Decision date: 28/11/19
Mr Y is an adult diagnosed with ADHD and mental health problems and also with a history of substance abuse. He spent a considerable amount of time in a neuropsychiatry rehabilitation inpatient unit after he suffered a brain injury in August 2016 which left him with memory loss problems and difficulties performing every-day tasks.
Mr Y was discharged from the unit in August 2017 to an accommodation provider, Cherrytrees. He had previously been detained under Sections 2 and then 3 of the Mental Health Act 1983 and was therefore entitled to free s.117 aftercare.
In late November, Mr Y was shown a copy of his care plan which caused him a great deal of upset. He reacted aggressively enough for the Cherrytrees to call the police and immediately end his placement. However, Mr Y’s care coordinator intervened and Cherrytrees allowed Mr Y to remain at the accommodation until he had found a new placement, which he did in late January 2018.
His mother, Miss X, complained to the Ombudsman after she had complained several times to both the landlord and the Council and had received responses that contained confusing information that she believed to be false and potentially damaging to her son’s future. She complained that Cherrytrees failed to provide Mr Y with the support necessary to participate in meaningful daily activities, or even that which had been outlined in his care plan.

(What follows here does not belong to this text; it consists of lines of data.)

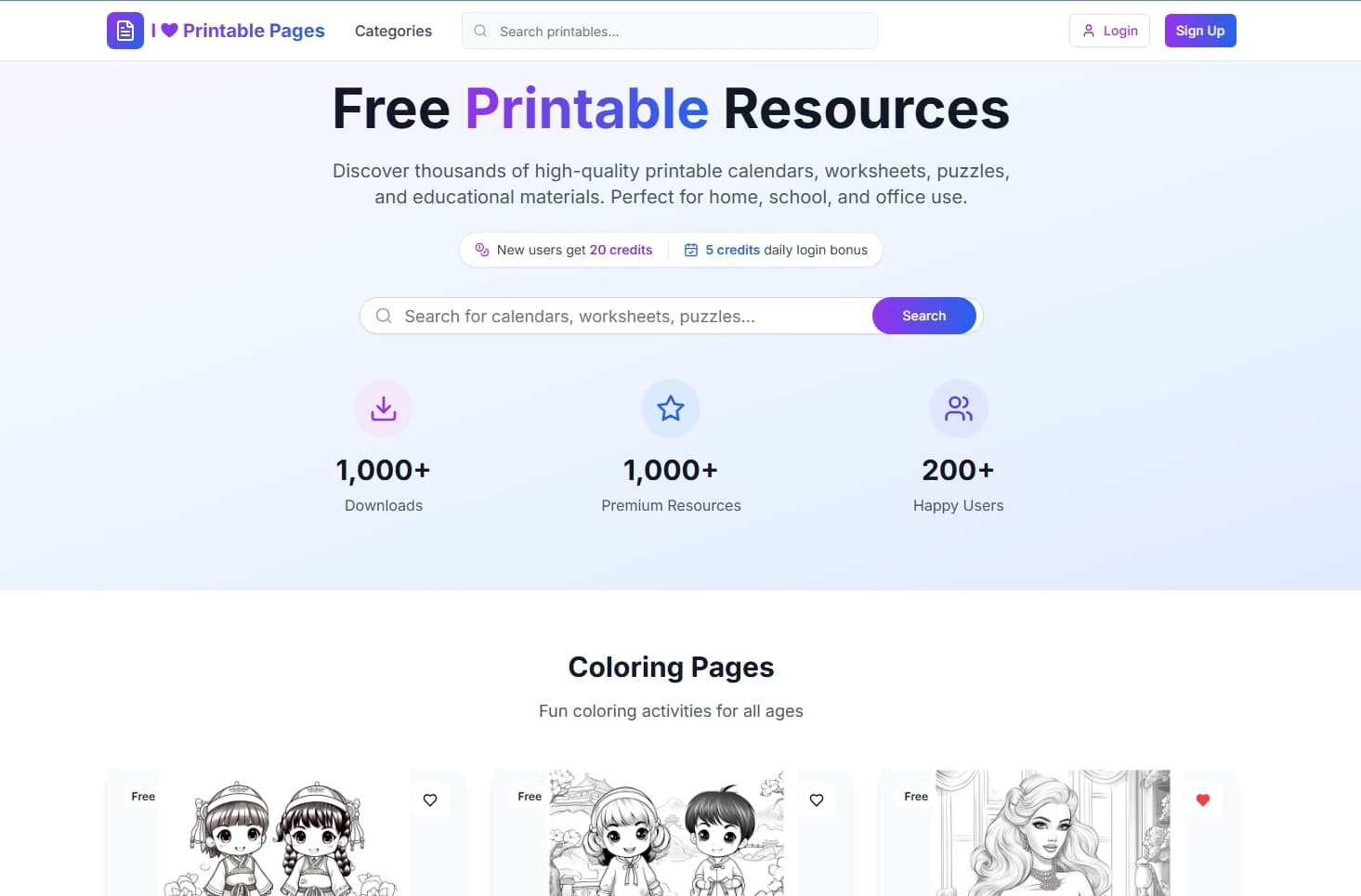 I Love Printable Pages screenshot 1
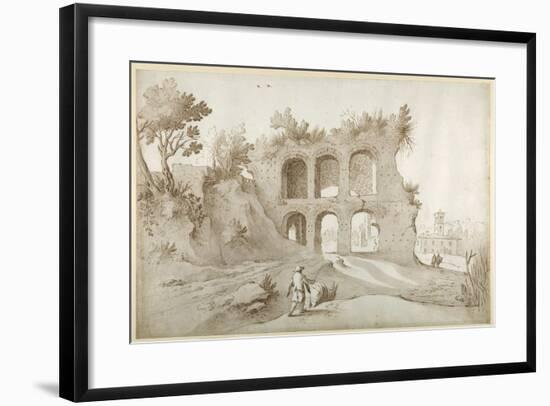 Basilica of Constantine. Entrance Wall in a Fantastic Setting (Pen and Ink with Wash on Paper)-Sebastian Vrancx-Framed Giclee Print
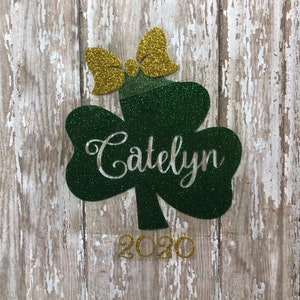 Shamrock with Name Iron on Decal/ DIY St. Patrick's Day Shirt/ Shamrock Monogram Iron on Decal/ DIY St. Patrick's Day Baby or Kids Shirt image 1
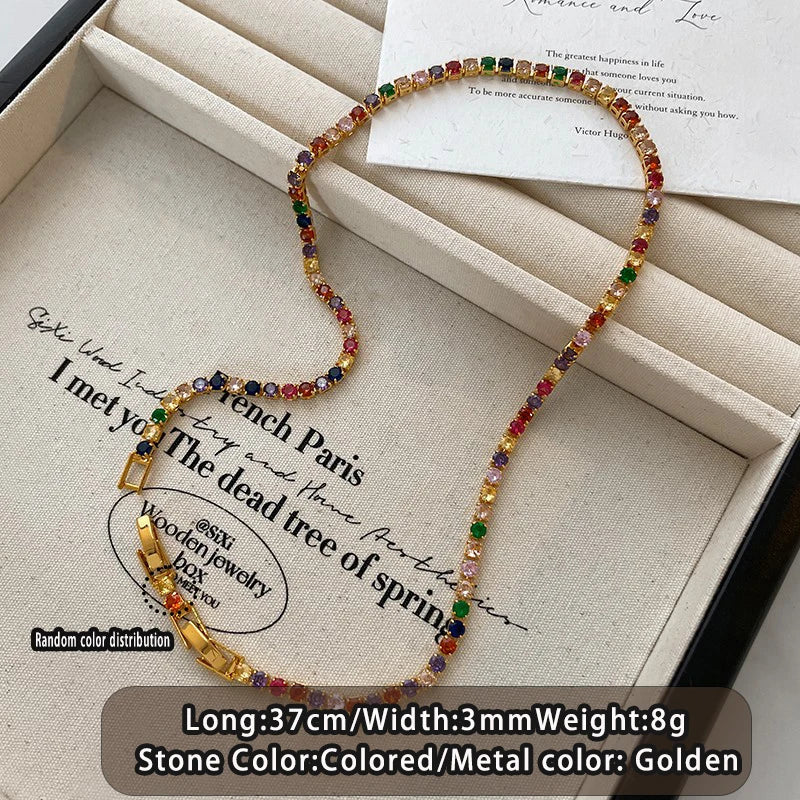 Dopamine Colored Zircon Collarbone Chain | Gold Colour Women's Trend Necklace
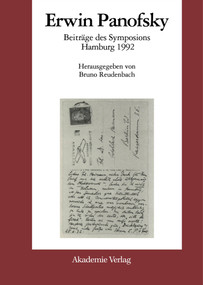 Erwin Panofsky (Beiträge des Symposions Hamburg 1992) (German Edition) by Bruno Reudenbach, 9783050023922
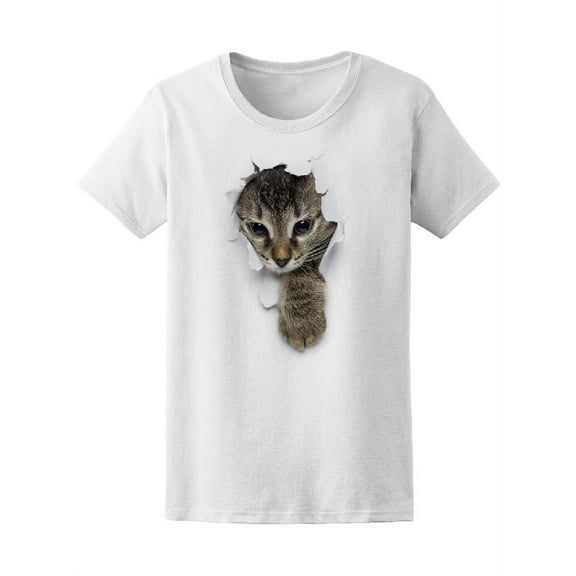 Smartprints Womens Graphic Tee White - Tabby Cat Through Hole 100% Cotton Regular Fit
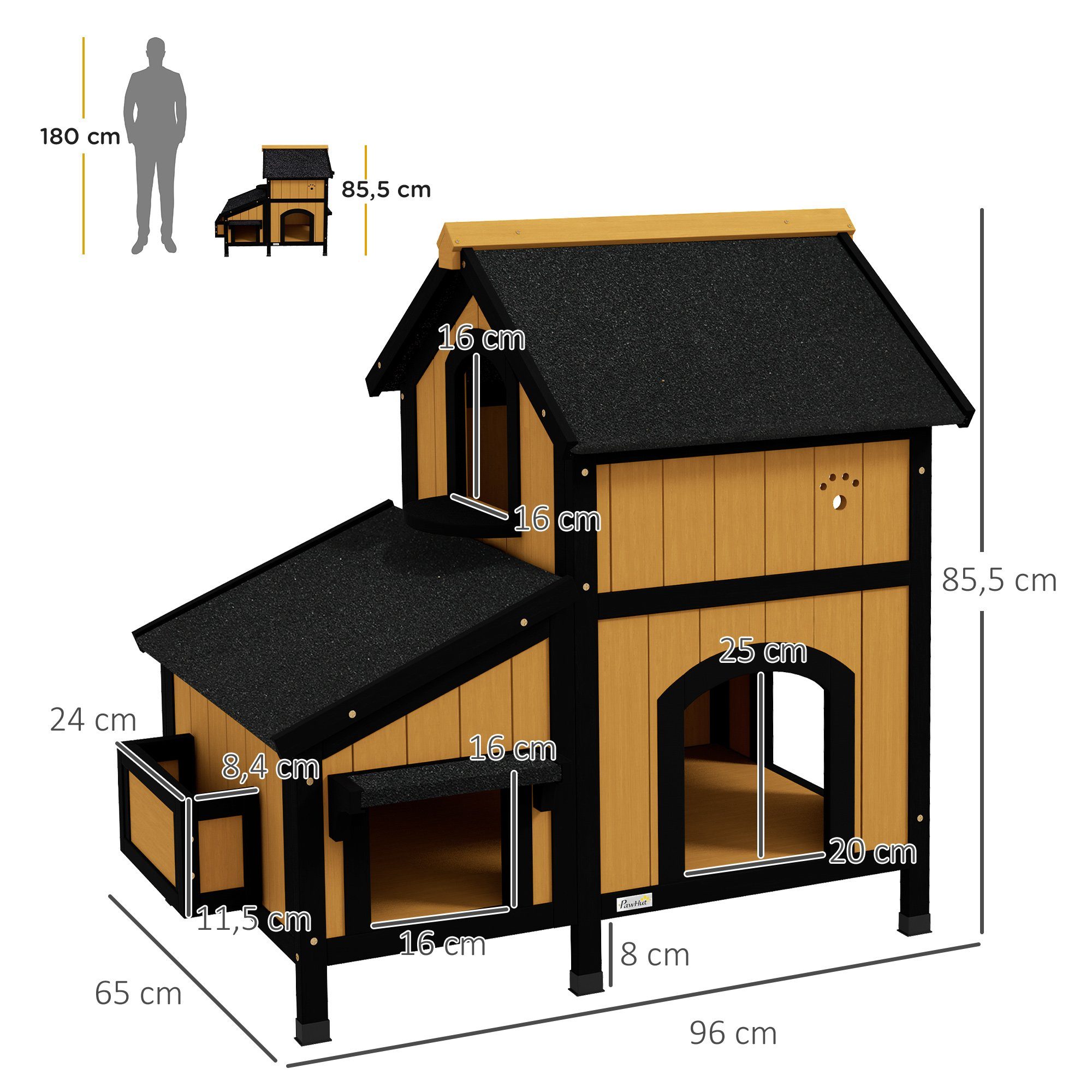 PawHut Tierhöhle Katzenhaus aus Holz, Katzenhütte mit mehreren Eingängen, 2 Etagen, mit Asphaltadach, Blumenkasten, für Katzen bis 7 kg, Gelb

There was no evidence that Cherrytrees provided Mr Y with a clear daily routine to help structure his day.
Mr Y soon fell into an unstructured daily routine of spending time in his bedroom in the morning and wandering town in the afternoons and evenings, often alone, sometimes visiting pubs. While Mr Y had declined community support for alcohol use, and could not be forced to engage, it would have been reasonable for the staff to continue to encourage Mr Y to avoid alcohol and attempt to steer him towards some more productive activities instead. The LGO said that that was contrary to his care plan and therefore fault.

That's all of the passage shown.